The two major Democrats in the race for governor, House Minority Leader Crystal Quade and Springfield businessman Mike Hamra, both attacked their Republican opponents in statements, painting the push to remove Biden from the ballot as an attempt to score political points.

“These are unserious people playing to their far-right base,” Quade said, adding that Republicans were trying to undermine the election. “They claim to support the Constitution but, apparently, disregard the 14th Amendment.”

Quade, specifically referring to the statements from Ashcroft and Eigel, said if either of their plans were enacted, “they’d be laughed out of court, wasting more tax dollars and the court’s time.”

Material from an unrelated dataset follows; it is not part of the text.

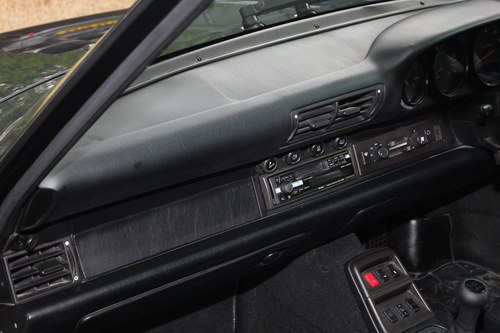 1994 Porsche 911 Carrera 993 Manual En venta (imagen 49 de 185)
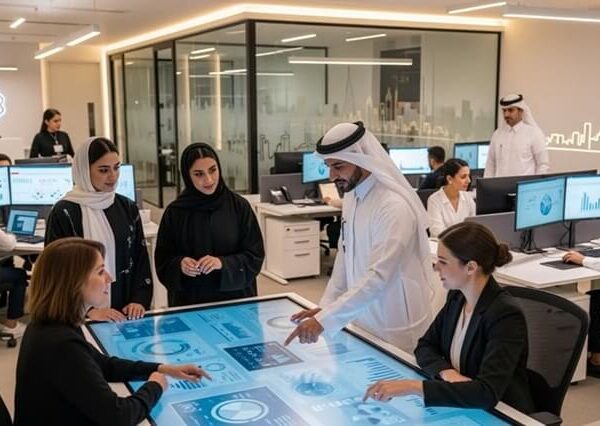 Qatar Sets GCC Standard with Record Employment&hellip;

Hamra attacked “extremist politicians in Jefferson City,” saying their “willingness to shamelessly pander to the most extreme elements of their party to win a primary shows just how ineffective they would be as leaders of our great state.”

Roland said lawsuits are the right way to resolve disputes over who qualifies to hold office. He said whether the 14th Amendment bars Trump from the presidency is an “intricate question” that defies oversimplification.

Whether on the Trump case – or other legal challenges – he emphasized the importance of accepting the decision of the courts.

“When there is a question about how the law or the constitution should be applied, we want people to go to court to get that resolved,” Roland said. “Because the alternative is either raw exercises of political power – in other words, people ignoring the courts – or violence.”